Dissimilarity between momentum and scalar transfer is observed in the characteristics of ejection–sweep motions. For example, the flux contributions and time fractions of ejections and sweeps are different for momentum and scalars. The relative importance of ejections and sweeps is also different for momentum and scalars. The time fractions of sweeps at 47 m are slightly larger than those of ejections for \(\hbox {CO}_{2}\) flux but smaller than or close to those of ejections for momentum, heat and water vapour fluxes. The departures of the characteristics of ejections and sweeps from Gaussian model predictions are larger for scalars than for momentum under unstable conditions. As compared to the CEM, the ICEM also reproduces the imbalance between contributions from ejections and sweeps for the momentum flux; nevertheless, the ICEM does not work well for \(\hbox {CO}_{2}\) at 47 m due to the breakdown of its assumption. These dissimilarities in the characteristics of turbulent structures are strongly linked to the different transport efficiencies of momentum and scalars.

A transport efficiency measure based on quadrant analysis, together with the traditional transport efficiency measure based on the correlation coefficient, are used to quantify the dissimilarity between the turbulent transport of momentum and scalars. The results indicate that atmospheric stability has important effects on transport efficiencies of momentum and heat; under unstable conditions, the transport efficiency of momentum decreases as instability increases while the transport efficiency of heat increases; under stable conditions, the transport efficiency of momentum decreases while the transport efficiency of heat does not display a clear trend. The transport efficiencies of momentum and heat are also compared to fitted functions from three previous studies of which two are based on experimental datasets over urban canopies. Our results are in broad agreement with these studies, particularly for momentum. Nevertheless, some discrepancies are observed under near-neutral and stable conditions.

Compared to the transport efficiency of heat, the transport efficiencies of water vapour and \(\hbox {CO}_{2}\) are not significantly altered by the atmospheric stability. The dissimilarity among the three scalars is further examined using the ratios of transport efficiencies of water vapour and \(\hbox {CO}_{2}\) to the transport efficiency of heat. Under very unstable conditions, heat is transported more efficiently than is water vapour and \(\hbox {CO}_{2}\), which is in agreement with many previous studies. As the atmosphere tends towards neutral, the ratios increase due to a significant decrease in the transport efficiency of heat. Under very stable conditions, the three scalars are transported similarly at 140 and 280 m; at 47 m, the transport of water vapour is more efficient than that of \(\hbox {CO}_{2}\), which is in agreement with the finding that the time fractions of sweeps are larger for \(\hbox {CO}_{2}\) given that sweeps are the dominant mechanism for scalar transport in the roughness sublayer. The dissimilarity among scalars is caused by the combination of the active role of temperature and the surface heterogeneity effect.

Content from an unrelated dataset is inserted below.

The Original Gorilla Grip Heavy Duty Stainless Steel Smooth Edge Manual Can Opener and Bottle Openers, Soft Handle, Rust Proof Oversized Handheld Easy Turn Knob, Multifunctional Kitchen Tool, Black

There are some limitations of this study that are important to appreciate. First, the results are based on measurements at three levels but it is well-known that turbulence changes significantly with heights even within the same layer as shown in Fig. 1. As such, the results might not represent the whole picture of a given layer. Second, the sources and sinks for scalars are likely to vary seasonally and annually. The rapid urbanization in Beijing can also lead to changes in the surface properties, which will affect the turbulent transport of momentum and scalars within and above the urban canopy. These effects are not considered here but may be important for other applications.